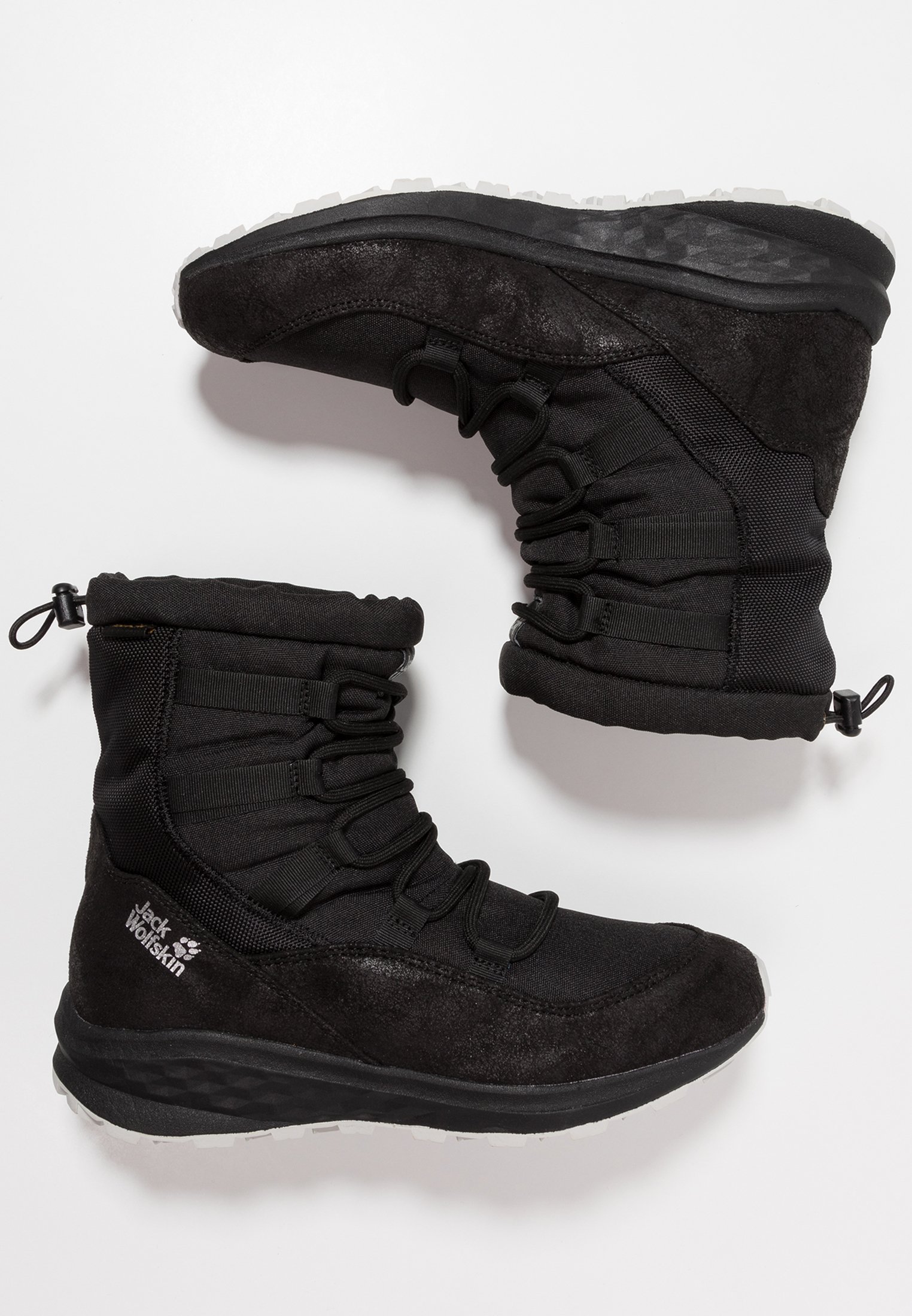 Jack Wolfskin NEVADA TEXAPORE MID Vinterstövlar black Salomon VAYA POWDER CSWP Vinterstövlar leadlunar rock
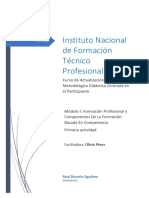 Raul Rosario Aguilera Actividad de Aprendizaje1 Módulo1 FormaciónProfesional ComponentesDeLaFormaciónBasada Competencia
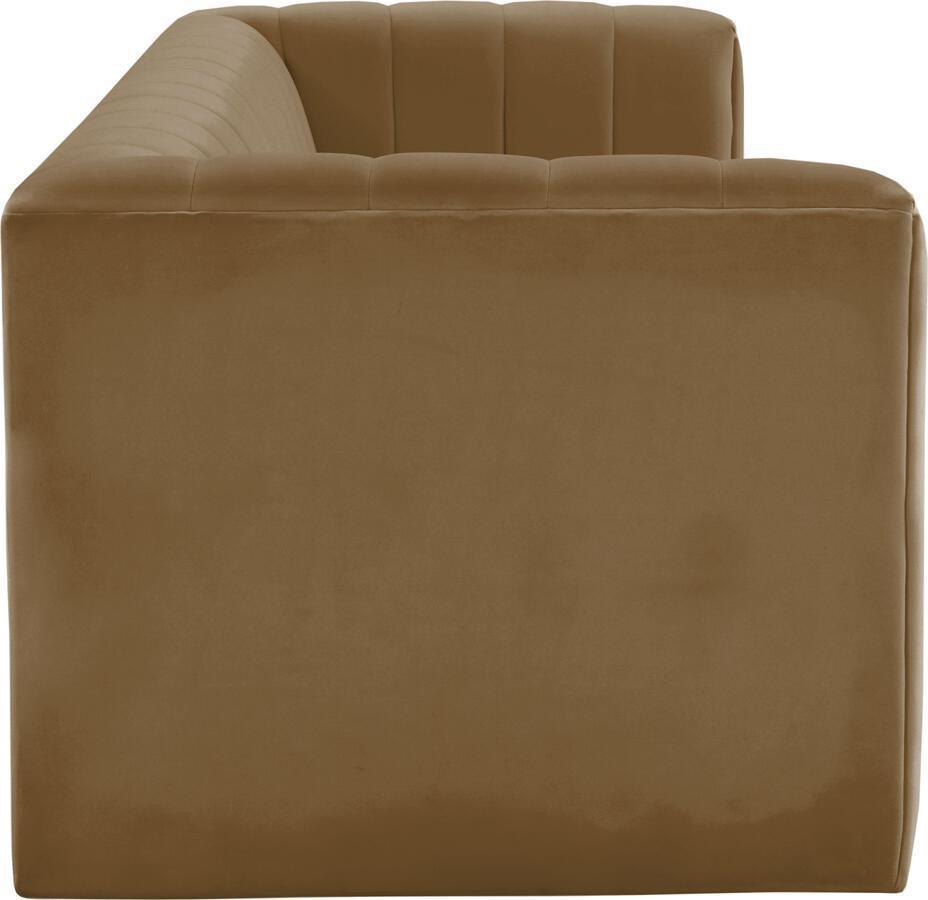 Tov Furniture Sofas & Couches - Norah Cognac Velvet Sofa Cognac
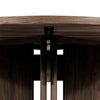 Railay Stained Toasted Brown Round Outdoor Dining Table | ready to ship!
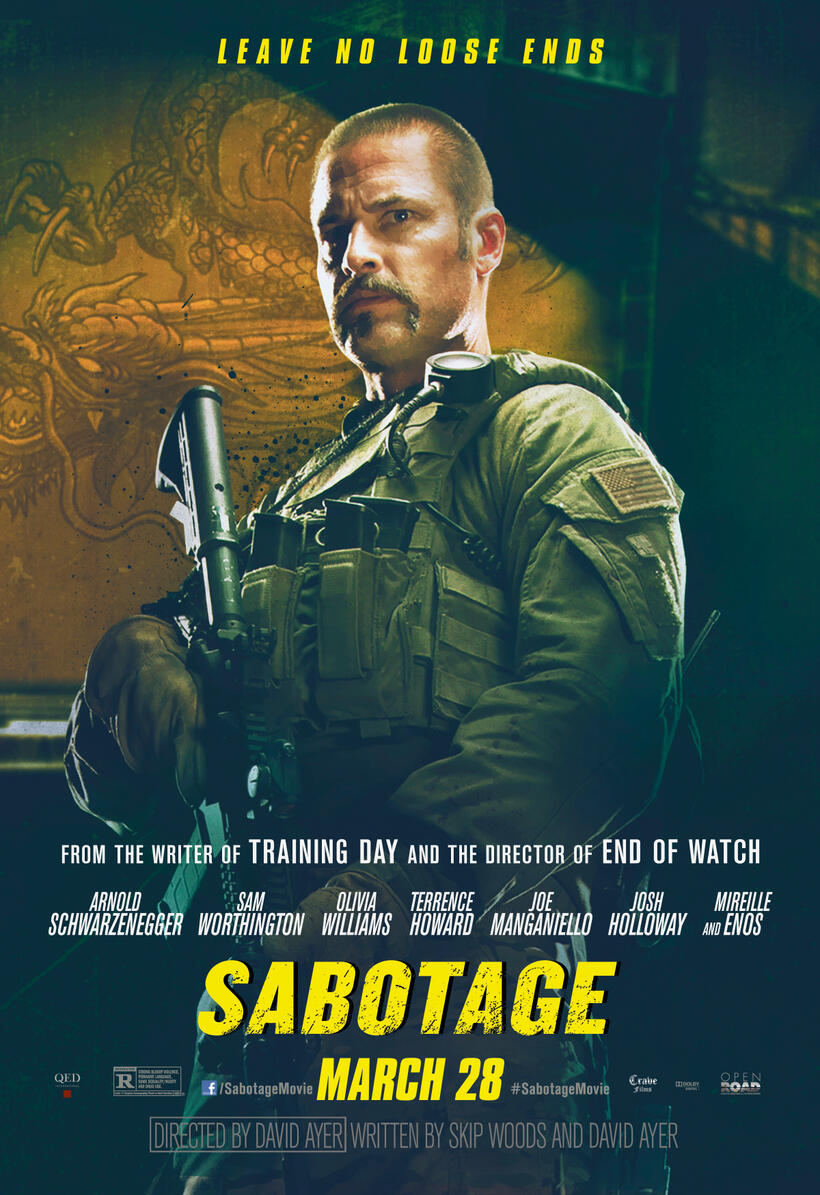 Character poster for "Sabotage."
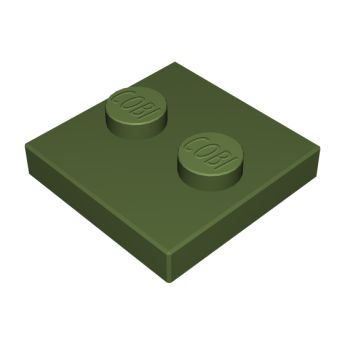 2x2 1/3 plate with two central pivots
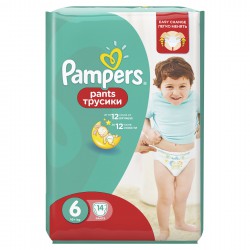 Подгузники-трусики, Pampers (Памперс) 16+ кг №14 пэнтс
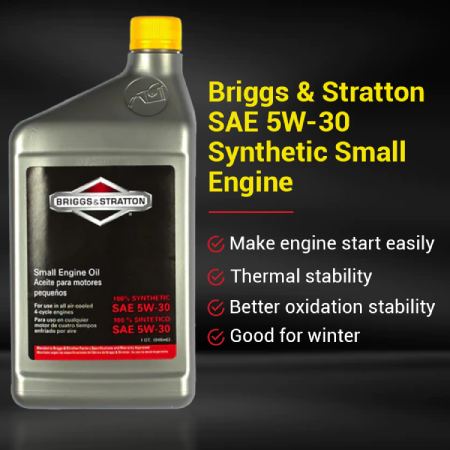 Briggs & Stratton 5w-30 synthetic small engine motor oil
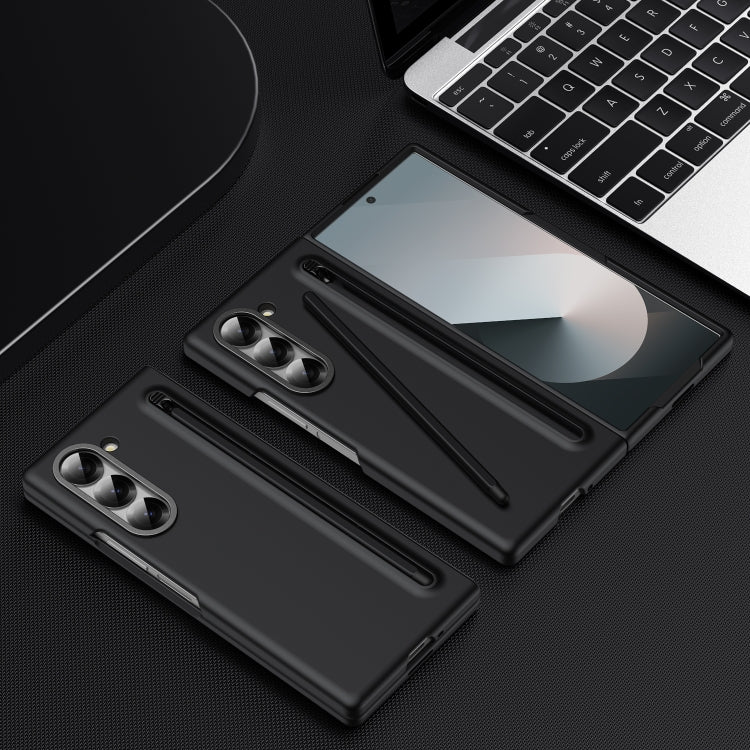 For Samsung Galaxy Z Fold6 Integrated Skin Feel Foldable Phone Case with Capacitive Stylus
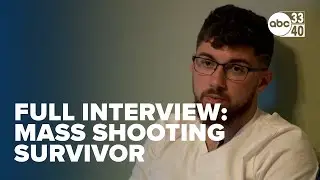 FULL INTERVIEW: Mass shooting survivor recounts being shot, running from scene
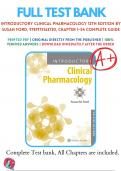 Test Banks For Introductory Clinical Pharmacology 12th Edition by Susan Ford, 9781975163730, Chapter 1-54 Complete Guide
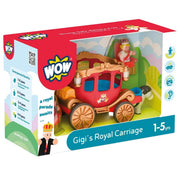 Speelvoetuig Gigi 's Royal Carriage - met 2 popjes - Speelvoertuigen WOW Toys - In den Olifant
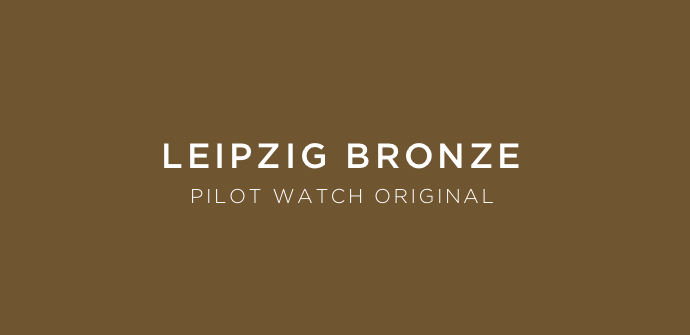 Laco Pilot Watch Original Leipzig Bronze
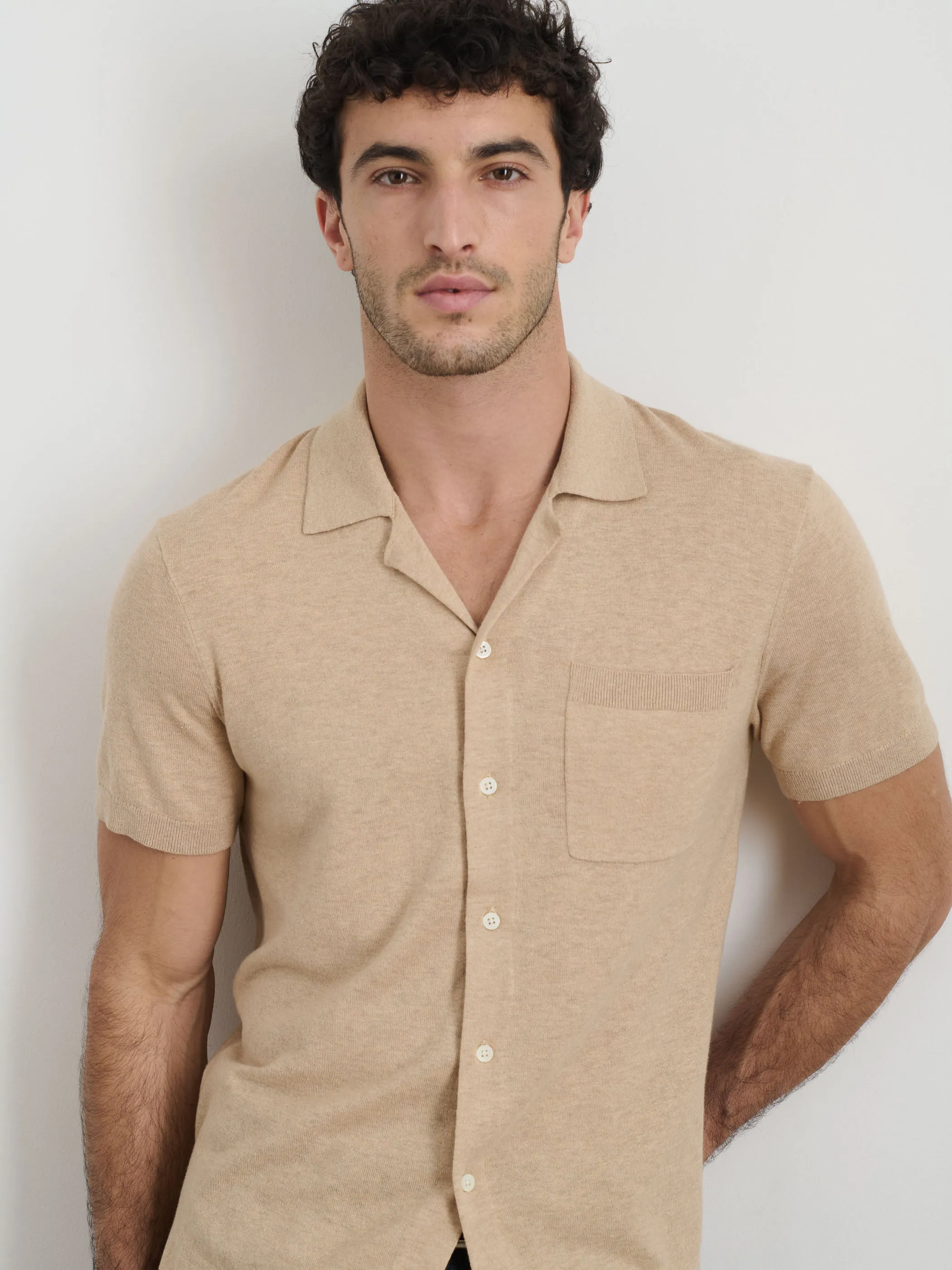 Aldrich Knit Shirt in Hemp Cotton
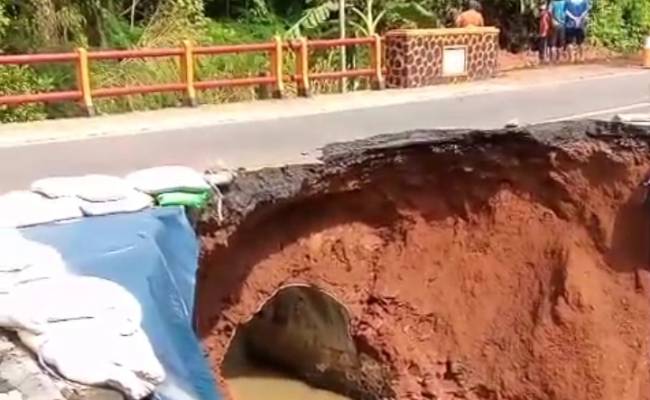 Jembatan Cikaleho Ambruk Total, Dishub Ciamis Terapkan Rekayasa Lalu Lintas Besar-Besaran di Jalur Nasional Ciamis–Cirebon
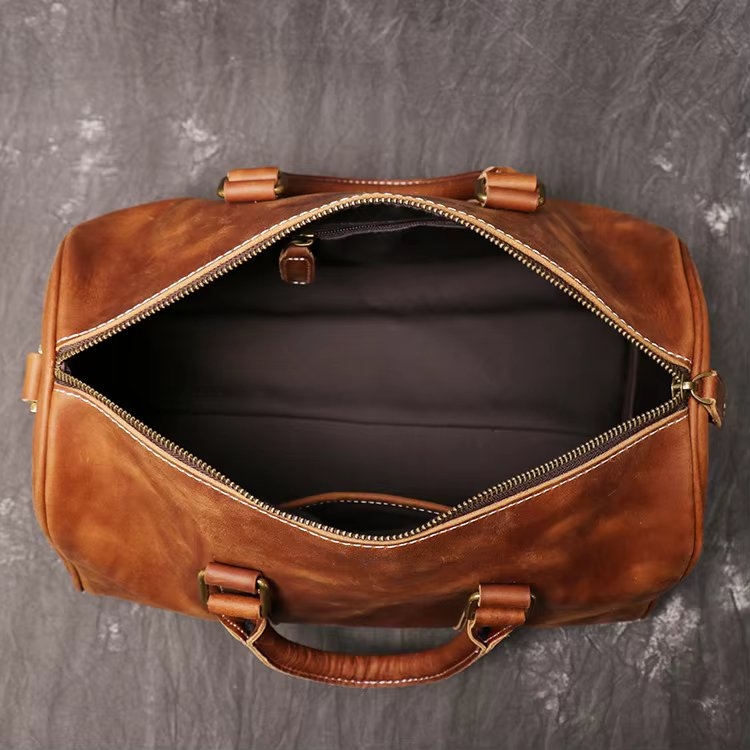 Geanta de calatorie unisex, Rayanor GT3306, piele naturala, Rosu - 2 | YEO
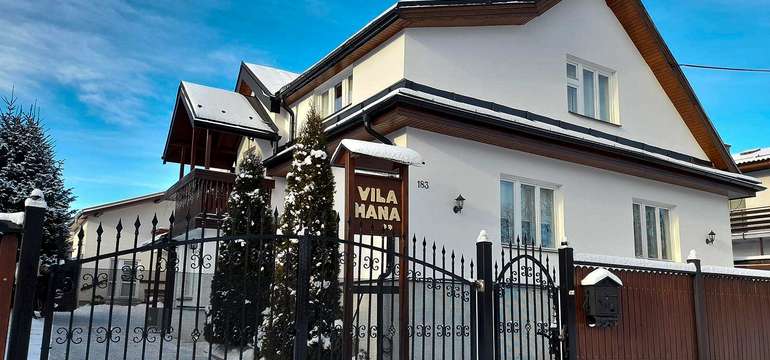 Vila Hana v zimnom období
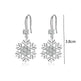 Temperament Snowflake Earrings With Rhinestones Fashion Personalized Christmas Earrings For Women Jewelry - EX-STOCK CANADA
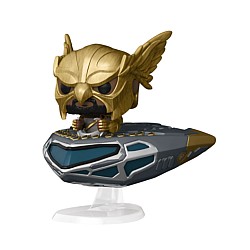 Pop Rides Super Deluxe Dc Black Adam Hawkman In Cruiser 9.5cm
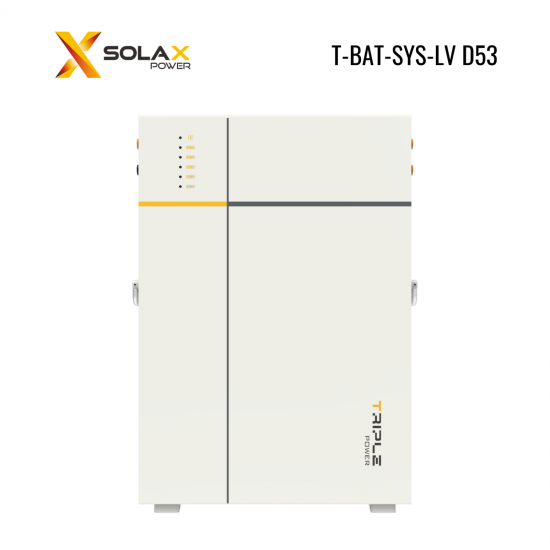 Pin lưu trữ năng lượng mặt trời Solax T-BAT-SYS-LV D53 5.3kW Lithium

□ □ □ □

> **Task description**: Return the listing above word for word. Keep the images out.

> **Answer section**:
 Jack Wolfskin NEVADA TEXAPORE MID Vinterstövlar black Salomon VAYA POWDER CSWP Vinterstövlar leadlunar rock
 Raul Rosario Aguilera Actividad de Aprendizaje1 Módulo1 FormaciónProfesional ComponentesDeLaFormaciónBasada Competencia
 Tov Furniture Sofas & Couches - Norah Cognac Velvet Sofa Cognac
 Railay Stained Toasted Brown Round Outdoor Dining Table | ready to ship!
 Character poster for "Sabotage."
 2x2 1/3 plate with two central pivots
 Подгузники-трусики, Pampers (Памперс) 16+ кг №14 пэнтс
 Briggs & Stratton 5w-30 synthetic small engine motor oil
 For Samsung Galaxy Z Fold6 Integrated Skin Feel Foldable Phone Case with Capacitive Stylus
 FULL INTERVIEW: Mass shooting survivor recounts being shot, running from scene
 Test Banks For Introductory Clinical Pharmacology 12th Edition by Susan Ford, 9781975163730, Chapter 1-54 Complete Guide
 Speelvoetuig Gigi 's Royal Carriage - met 2 popjes - Speelvoertuigen WOW Toys - In den Olifant
 Laco Pilot Watch Original Leipzig Bronze
 Aldrich Knit Shirt in Hemp Cotton
 Jembatan Cikaleho Ambruk Total, Dishub Ciamis Terapkan Rekayasa Lalu Lintas Besar-Besaran di Jalur Nasional Ciamis–Cirebon
 Geanta de calatorie unisex, Rayanor GT3306, piele naturala, Rosu - 2 | YEO
 Vila Hana v zimnom období
 Temperament Snowflake Earrings With Rhinestones Fashion Personalized Christmas Earrings For Women Jewelry - EX-STOCK CANADA
 Pop Rides Super Deluxe Dc Black Adam Hawkman In Cruiser 9.5cm
 Pin lưu trữ năng lượng mặt trời Solax T-BAT-SYS-LV D53 5.3kW Lithium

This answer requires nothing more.